To do:
Reproduce, unchanged, the lines between the one holding "GIGABYTE GeForce RTX" and the last line of the records, including both ends, but no pictures.

Data provided:

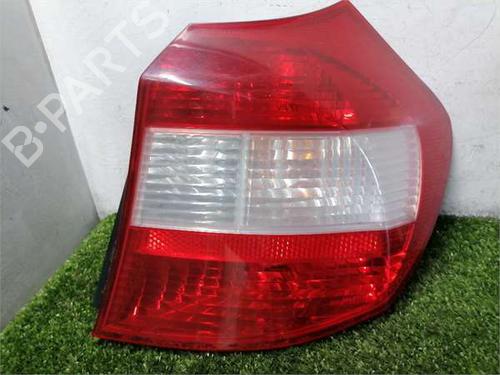 Used Right taillight Right taillight 37411175 37411175
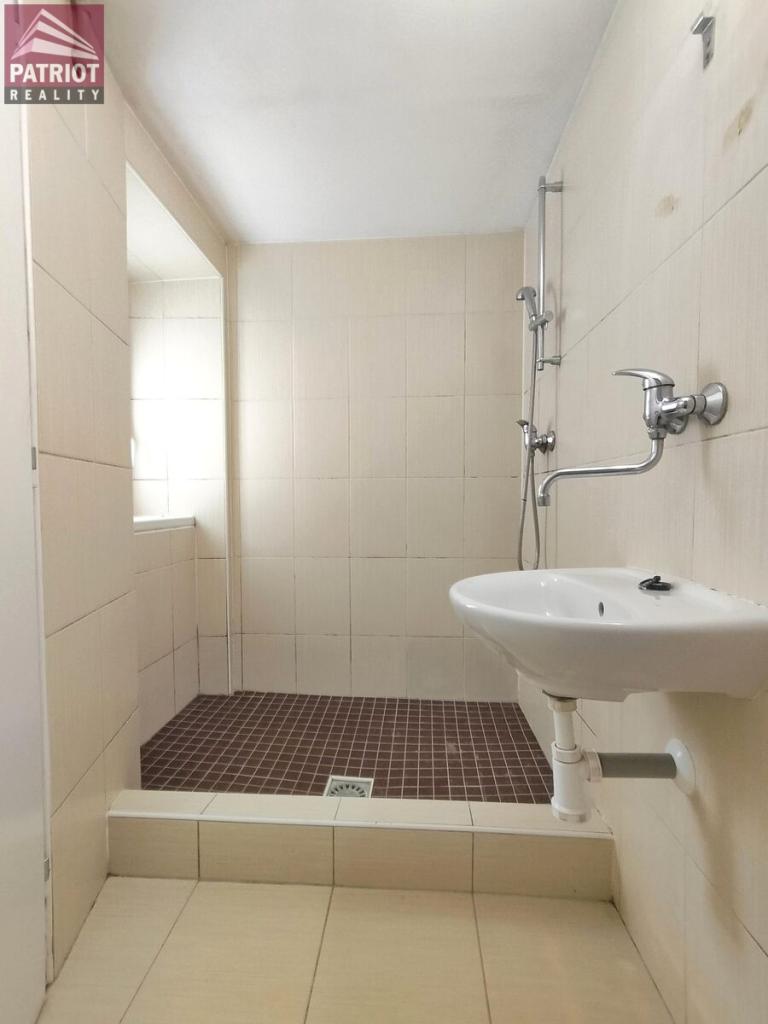 Pronájem bytu 1+kk 29 m2, Olomouc – náhled fotky 6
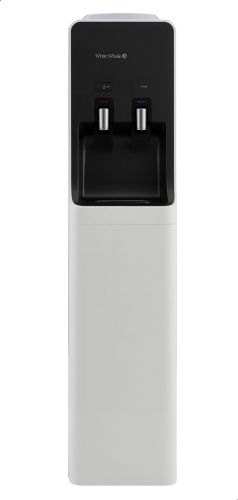 White whale water dispenser store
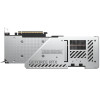 GIGABYTE GeForce RTX 3070 Ti VISION OC 8G (GV-N307TVISION OC-8GD) - зображення 3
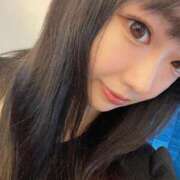 ヒメ日記 2025/07/24 14:02 投稿 ラテ 浜松ハンパじゃない学園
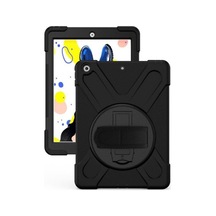 Tablet Kılıfı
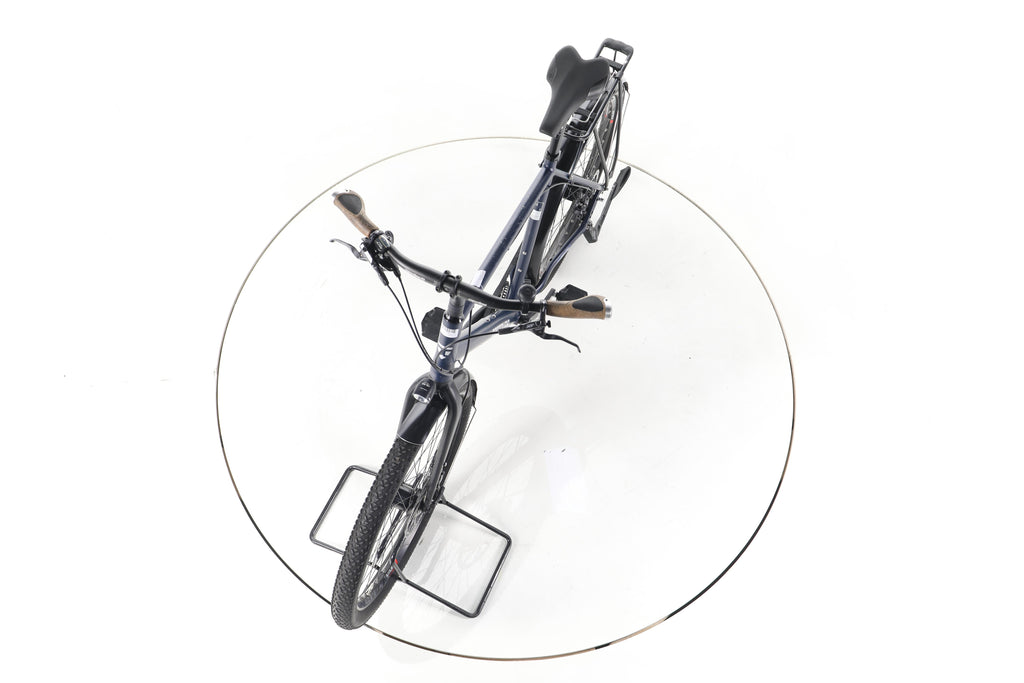 Contoura AL-6 Fahrrad City & Trekking - Image 17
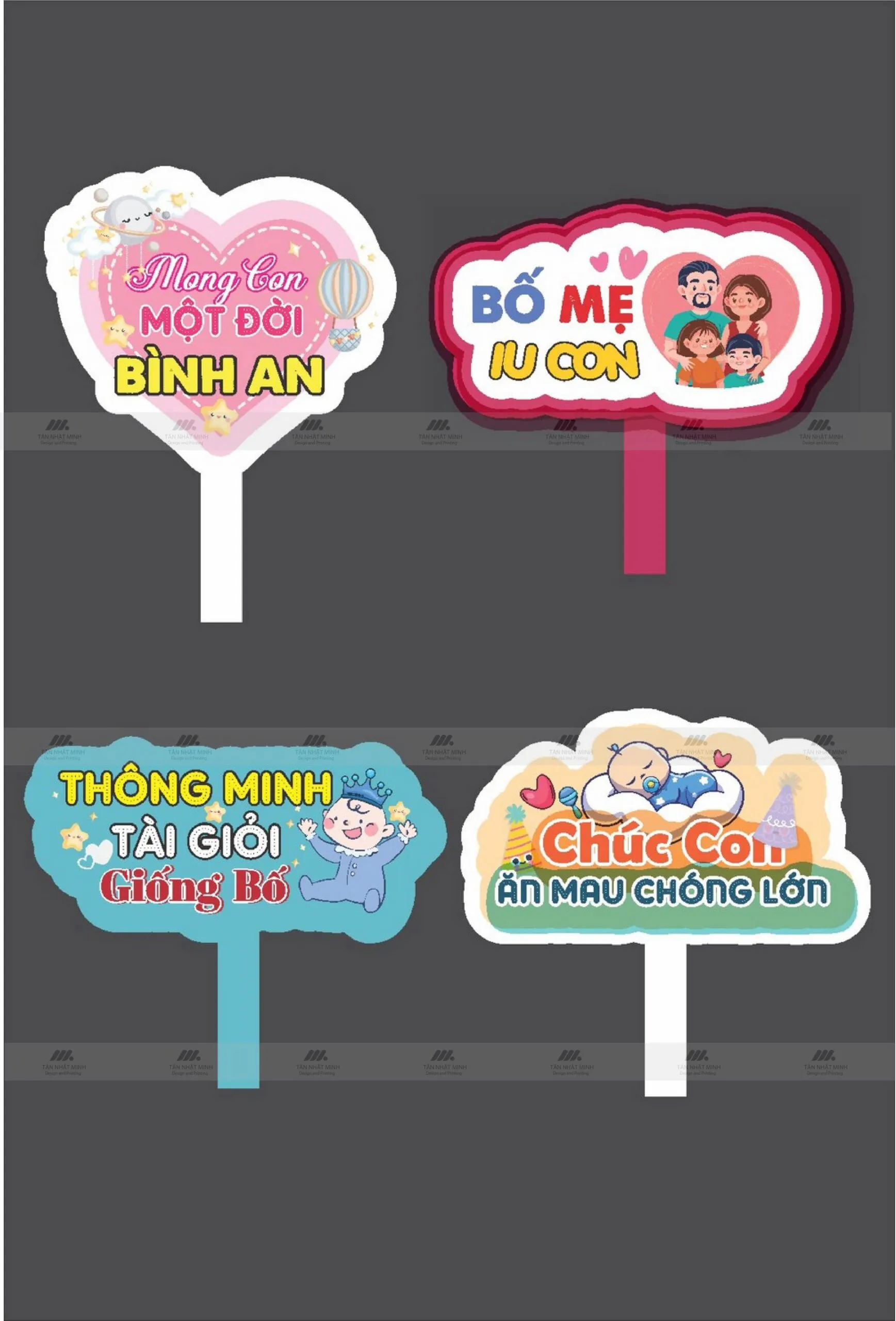 50+ mẫu hashtag cầm tay sinh nhật đẹp, độc đáo & sáng tạo nhất hashtag cam tay sinh nhat01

Written response:
 GIGABYTE GeForce RTX 3070 Ti VISION OC 8G (GV-N307TVISION OC-8GD) - зображення 3
 ヒメ日記 2025/07/24 14:02 投稿 ラテ 浜松ハンパじゃない学園
 Tablet Kılıfı
 Contoura AL-6 Fahrrad City & Trekking - Image 17
 50+ mẫu hashtag cầm tay sinh nhật đẹp, độc đáo & sáng tạo nhất hashtag cam tay sinh nhat01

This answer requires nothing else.